EXERCISE DIRECTIONS:
Please transcribe exactly the lines from the line holding "志免町立町民センター周辺のファミレス・ファーストフード一覧地図" through the end of the data below, and skip any pictures.

DATA:
_ _ _ _ _

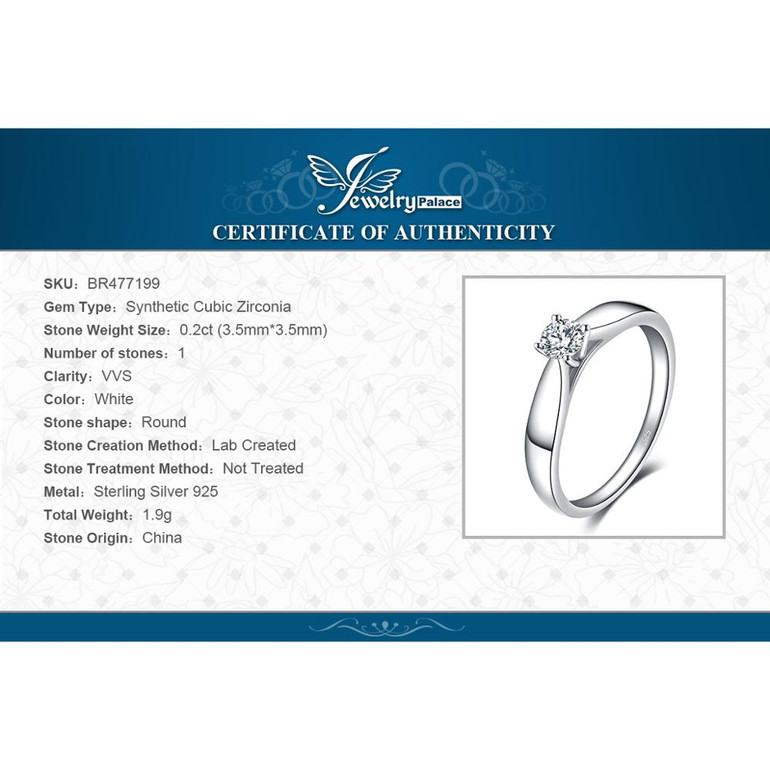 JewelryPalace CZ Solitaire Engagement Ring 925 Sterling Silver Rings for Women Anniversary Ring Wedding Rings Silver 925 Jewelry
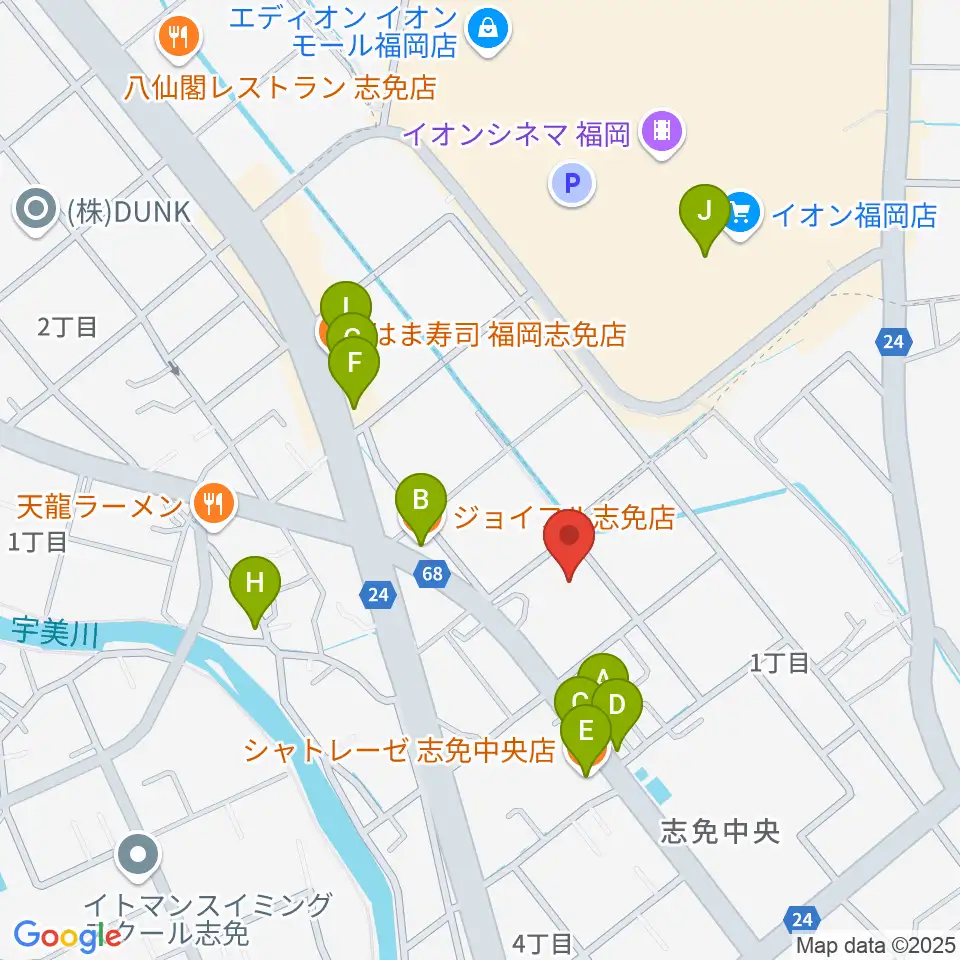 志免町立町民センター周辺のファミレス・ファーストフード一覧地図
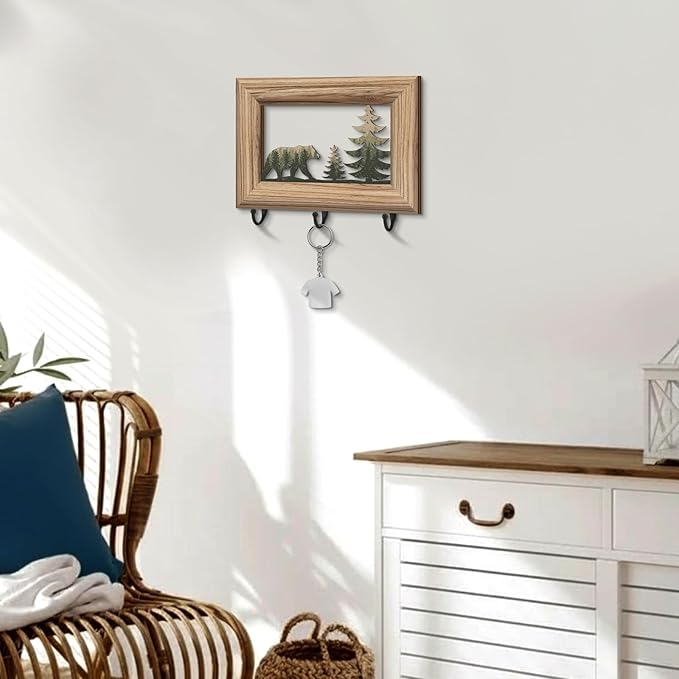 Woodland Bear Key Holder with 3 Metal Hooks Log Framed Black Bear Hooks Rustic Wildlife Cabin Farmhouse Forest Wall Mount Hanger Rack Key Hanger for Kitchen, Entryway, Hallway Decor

_ _ _ _ _

TASK SOLUTION:
 志免町立町民センター周辺のファミレス・ファーストフード一覧地図
 Woodland Bear Key Holder with 3 Metal Hooks Log Framed Black Bear Hooks Rustic Wildlife Cabin Farmhouse Forest Wall Mount Hanger Rack Key Hanger for Kitchen, Entryway, Hallway Decor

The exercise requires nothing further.